--- PROVIDED DATA ---

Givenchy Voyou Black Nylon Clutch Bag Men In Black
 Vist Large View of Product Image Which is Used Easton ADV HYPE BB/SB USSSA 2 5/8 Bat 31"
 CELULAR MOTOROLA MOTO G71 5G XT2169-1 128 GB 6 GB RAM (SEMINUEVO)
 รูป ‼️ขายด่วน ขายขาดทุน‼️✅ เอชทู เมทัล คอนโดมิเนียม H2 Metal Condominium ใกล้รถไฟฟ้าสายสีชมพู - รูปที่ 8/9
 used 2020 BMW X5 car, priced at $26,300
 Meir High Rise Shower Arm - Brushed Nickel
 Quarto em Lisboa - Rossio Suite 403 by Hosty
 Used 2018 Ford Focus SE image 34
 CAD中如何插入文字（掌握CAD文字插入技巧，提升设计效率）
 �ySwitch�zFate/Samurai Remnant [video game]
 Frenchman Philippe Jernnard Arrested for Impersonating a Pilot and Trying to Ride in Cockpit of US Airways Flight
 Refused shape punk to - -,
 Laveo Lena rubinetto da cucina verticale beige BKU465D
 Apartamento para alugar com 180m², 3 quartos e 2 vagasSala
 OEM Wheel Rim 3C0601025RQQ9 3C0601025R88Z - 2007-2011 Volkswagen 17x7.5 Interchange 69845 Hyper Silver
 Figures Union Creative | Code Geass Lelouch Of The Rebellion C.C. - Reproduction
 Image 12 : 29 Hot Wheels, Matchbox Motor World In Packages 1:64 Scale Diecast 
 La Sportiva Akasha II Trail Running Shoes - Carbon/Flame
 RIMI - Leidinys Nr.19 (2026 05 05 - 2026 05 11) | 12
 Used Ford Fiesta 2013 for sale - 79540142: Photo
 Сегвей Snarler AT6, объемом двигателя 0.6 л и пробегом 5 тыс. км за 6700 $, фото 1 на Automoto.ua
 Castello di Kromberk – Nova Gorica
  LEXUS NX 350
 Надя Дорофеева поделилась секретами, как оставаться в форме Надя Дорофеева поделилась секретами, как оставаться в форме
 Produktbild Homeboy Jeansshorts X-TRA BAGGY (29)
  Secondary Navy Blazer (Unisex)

--- THE TASK ---
Beginning at the line that holds "Image 12 : 29", reproduce each line of the records above down to and including the last one.

--- RESULT FOR THIS TASK ---
 Image 12 : 29 Hot Wheels, Matchbox Motor World In Packages 1:64 Scale Diecast 
 La Sportiva Akasha II Trail Running Shoes - Carbon/Flame
 RIMI - Leidinys Nr.19 (2026 05 05 - 2026 05 11) | 12
 Used Ford Fiesta 2013 for sale - 79540142: Photo
 Сегвей Snarler AT6, объемом двигателя 0.6 л и пробегом 5 тыс. км за 6700 $, фото 1 на Automoto.ua
 Castello di Kromberk – Nova Gorica
  LEXUS NX 350
 Надя Дорофеева поделилась секретами, как оставаться в форме Надя Дорофеева поделилась секретами, как оставаться в форме
 Produktbild Homeboy Jeansshorts X-TRA BAGGY (29)
  Secondary Navy Blazer (Unisex)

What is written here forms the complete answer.